--- GIVEN DATA ---
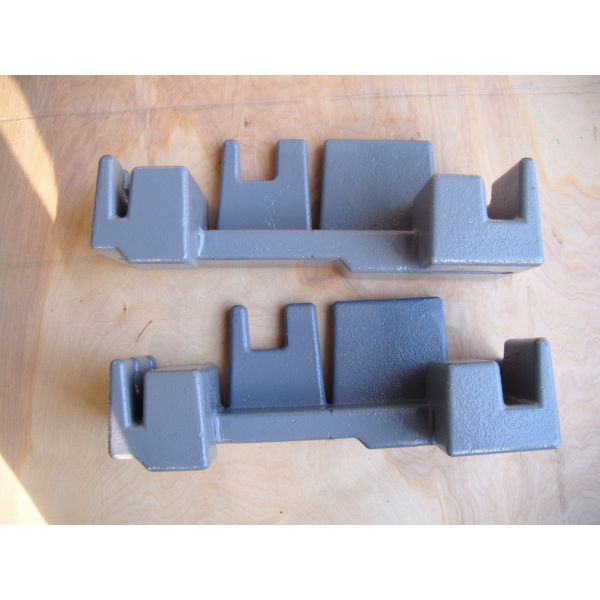 10kg counterweight, Surface powder spray,grey iron casting,Customized sand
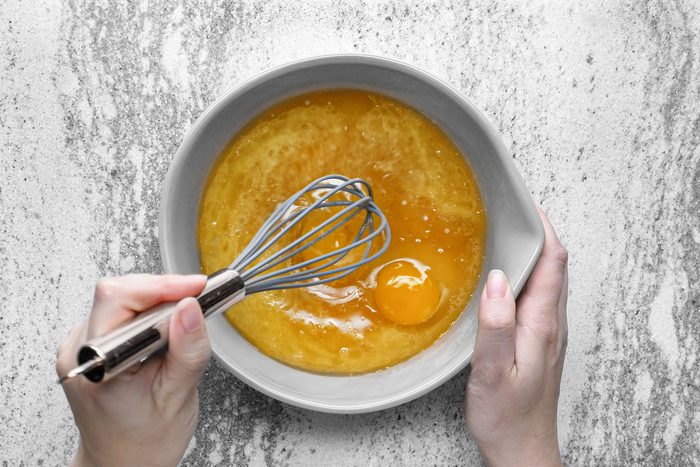 Whisking eggs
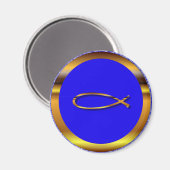 アイチズブルー金ゴールド磁石 マグネット (正面/裏面)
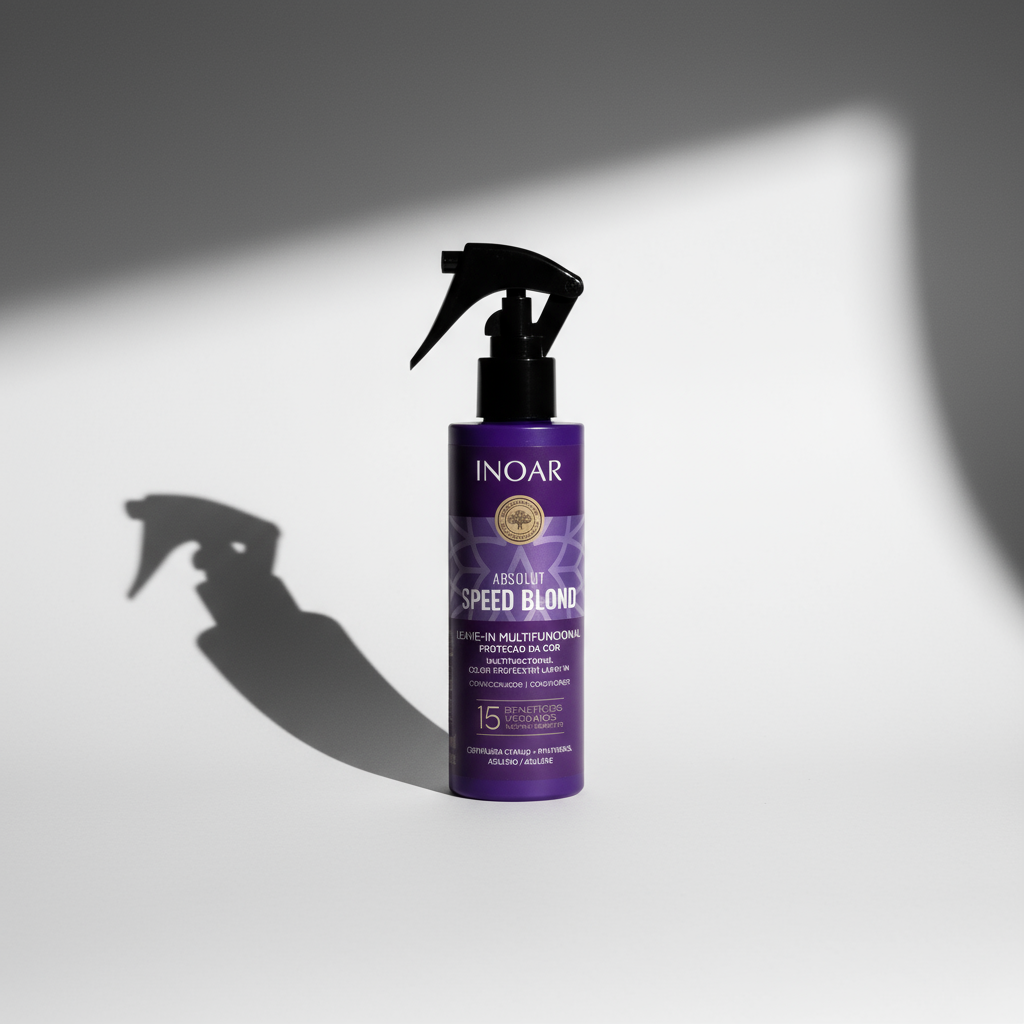 Inoar Absolut Speed Blond Leave-In spray bottle for blond hair color protection and treatment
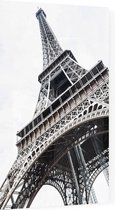 Constructie-details Eiffeltoren van onderaf in Parijs - Foto op Plexiglas - 40 x 60 cm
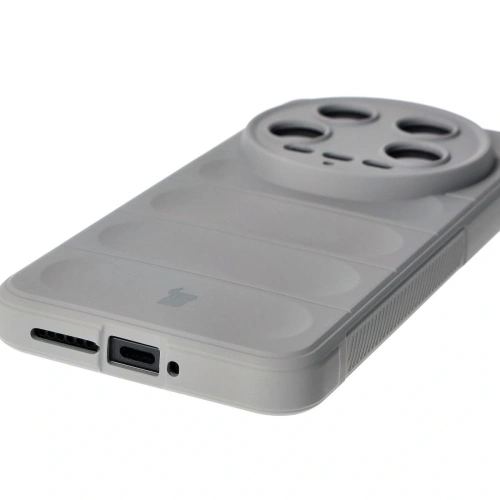 Pancerne etui Bizon Case Tur do Xiaomi 14 Ultra jasnoszare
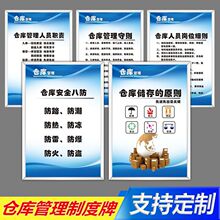 仓库管理制度牌车间工厂仓库管理制度通用仓储人员岗位全套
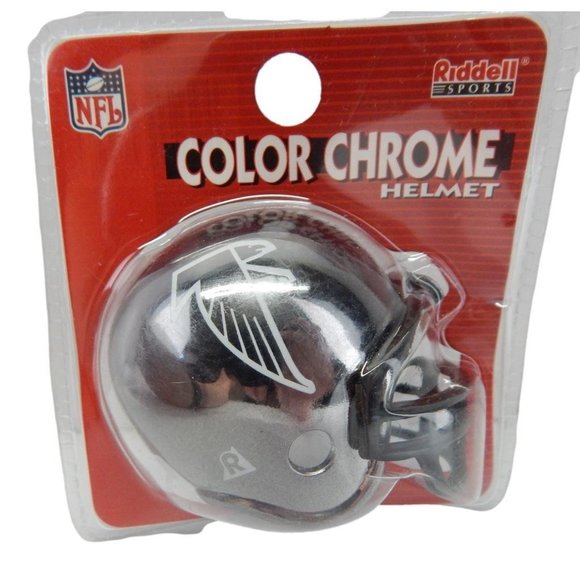 New Riddle Sports Mini Color Chrome Football Helme - Picture 4 of 16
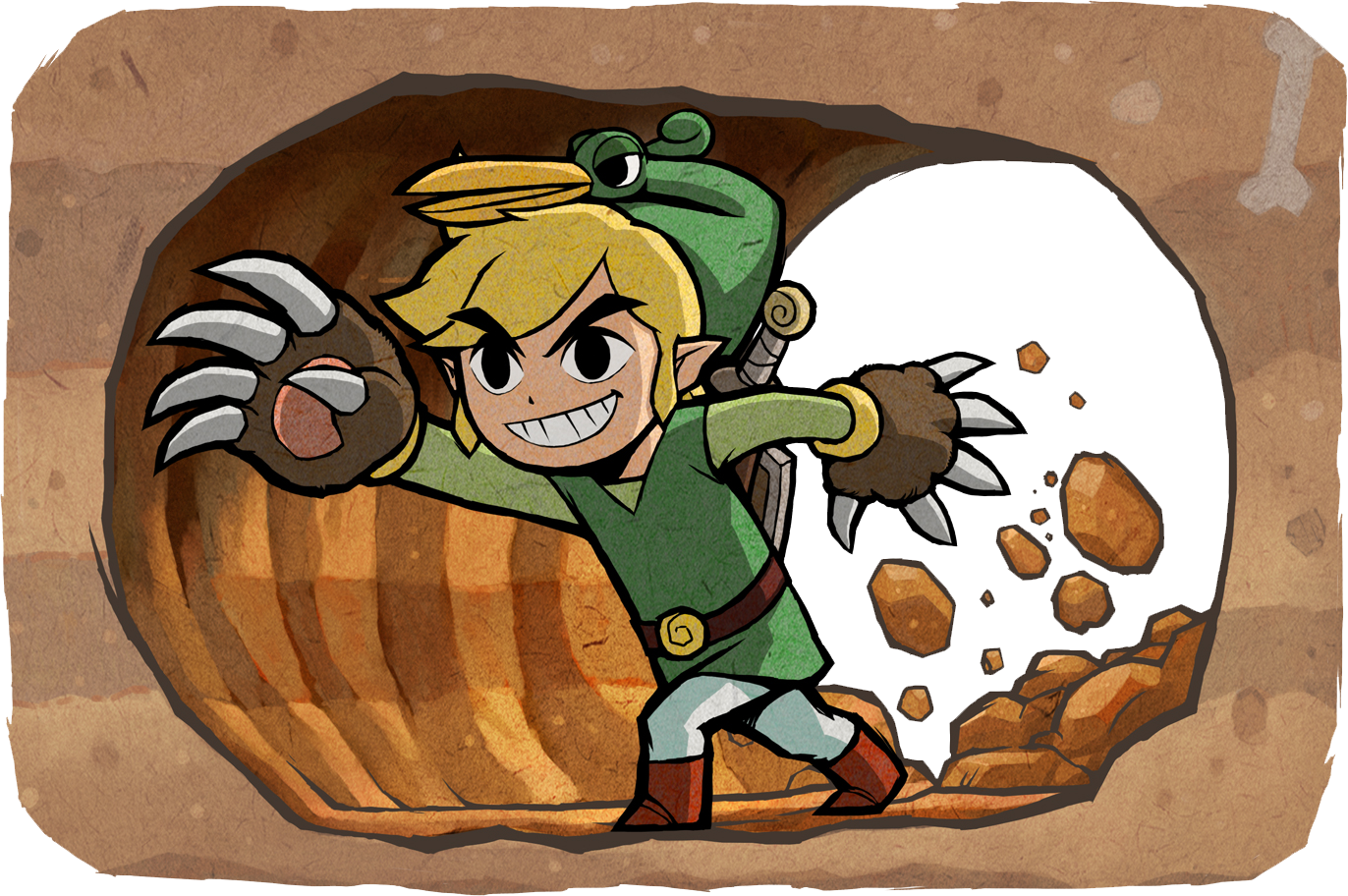 Link Digging Adventure Zelda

--- HOW TO COMPLETE THIS TASK ---
Please print all the lines above exactly as given and leave out every picture.

--- SOLUTION ---
 10kg counterweight, Surface powder spray,grey iron casting,Customized sand
 Whisking eggs
 アイチズブルー金ゴールド磁石 マグネット (正面/裏面)
 Inoar Absolut Speed Blond Leave-In spray bottle for blond hair color protection and treatment
 Constructie-details Eiffeltoren van onderaf in Parijs - Foto op Plexiglas - 40 x 60 cm
 Pancerne etui Bizon Case Tur do Xiaomi 14 Ultra jasnoszare
 仓库管理制度牌车间工厂仓库管理制度通用仓储人员岗位全套
 New Riddle Sports Mini Color Chrome Football Helme - Picture 4 of 16
 Link Digging Adventure Zelda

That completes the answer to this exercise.